The intertidal zone, also known as the littoral zone, in marine aquatic environments is the area of the foreshore and seabed that is exposed to the air at low tide and submerged at high tide, ie the area between tide marks.
A typical rocky shore can be divided into a spray zone (also known as the Supratidal Zone, which is above the spring high-tide line and is covered by water only during storms, and an intertidal zone, which lies between the high and low tidal extremes. Along most shores, the intertidal zone can be clearly separated into the following subzones: high tide zone, middle tide zone, and low tide zone.
High tide zone (upper mid-littoral)
The high tide zone is flooded during high tide only, and is a highly saline environment. The abundancy of water is not high enough to sustain large amounts of vegetation, although some do survive in the high tide zone. The predominant organisms in this subregion are anemones, barnacles, brittle stars, chitons, crabs, green algae, isopods, limpets, mussels, sea stars, snails, whelks and some marine vegetation. The high tide zone can also contain rock pools inhabited by small fish and larger seaweeds. Another organism found here is the hermit crab, which because of its portable home in the form of a shell does extremely well as it is sheltered from the high temperature range to an extent and can also carry water with it in its shell. Consequently there is generally a higher population of hermit crabs to common crabs in the high tide zone. Life is much more abundant here than in the spray
Middle tide zone (lower mid-littoral)
The middle tide zone is submerged and flooded for approximately equal periods of time per tide cycle. Consequently temperatures are less extreme due to shorter direct exposure to the sun, and therefore salinity is only marginally higher than ocean levels. However wave action is generally more extreme than the high tide and spray zones. The middle tide zone also has much higher population of marine vegetation, specifically seaweeds. Organisms are also more complex and often larger in size than those found in the high tide and splash zones. Organisms in this area include anemones, barnacles, chitons, crabs, green algae, isopods, limpets, mussels, sea lettuce, sea palms, sea stars, snails, sponges, and whelks. Again rock pools can also provide a habitat for small fish, shrimps, krill, sea urchins and zooplankton. Apart from being more populated, life in the middle tide zone is more diversified than the high tide and splash zones.

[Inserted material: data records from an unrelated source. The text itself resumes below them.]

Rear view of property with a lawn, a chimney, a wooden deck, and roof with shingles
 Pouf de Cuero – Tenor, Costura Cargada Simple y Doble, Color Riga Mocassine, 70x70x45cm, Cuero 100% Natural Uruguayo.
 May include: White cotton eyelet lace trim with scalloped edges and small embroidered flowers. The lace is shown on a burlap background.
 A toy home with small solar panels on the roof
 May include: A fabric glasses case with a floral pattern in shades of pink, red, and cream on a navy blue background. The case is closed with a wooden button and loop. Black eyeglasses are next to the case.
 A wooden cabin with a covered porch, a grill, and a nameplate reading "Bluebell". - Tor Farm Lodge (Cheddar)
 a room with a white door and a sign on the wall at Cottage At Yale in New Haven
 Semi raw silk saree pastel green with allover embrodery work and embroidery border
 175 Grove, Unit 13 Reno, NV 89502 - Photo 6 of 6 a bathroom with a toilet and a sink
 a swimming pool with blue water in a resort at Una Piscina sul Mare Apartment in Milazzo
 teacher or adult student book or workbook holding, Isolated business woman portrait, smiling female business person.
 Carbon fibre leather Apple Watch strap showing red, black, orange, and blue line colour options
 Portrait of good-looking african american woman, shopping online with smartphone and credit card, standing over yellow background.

Low tide zone (lower littoral)
This subregion is mostly submerged - it is only exposed at the point of low tide and for a longer period of time during extremely low tides. This area is teeming with life; the most notable difference with this subregion to the other three is that there is much more marine vegetation, especially seaweeds. There is also a great biodiversity. Organisms in this zone generally are not well adapted to periods of dryness and temperature extremes. Some of the organisms in this area are abalone, anemones, brown seaweed, chitons, crabs, green algae, hydroids, isopods, limpets, mussels, nudibranchs, sculpin, sea cucumber, sea lettuce, sea palms, sea stars, sea urchins, shrimp, snails, sponges, surf grass, tube worms, and whelks. Creatures in this area can grow to larger sizes because there is more energy in the localised ecosystem and because marine vegetation can grow to much greater sizes than in the other three intertidal subregions due to the better water coverage: the water is shallow enough to allow plenty of light to reach the vegetation to allow substantial photosynthetic activity, and the salinity is at almost normal levels. This area is also protected from large predators such as large fish because of the wave action and the water still being relatively shallow.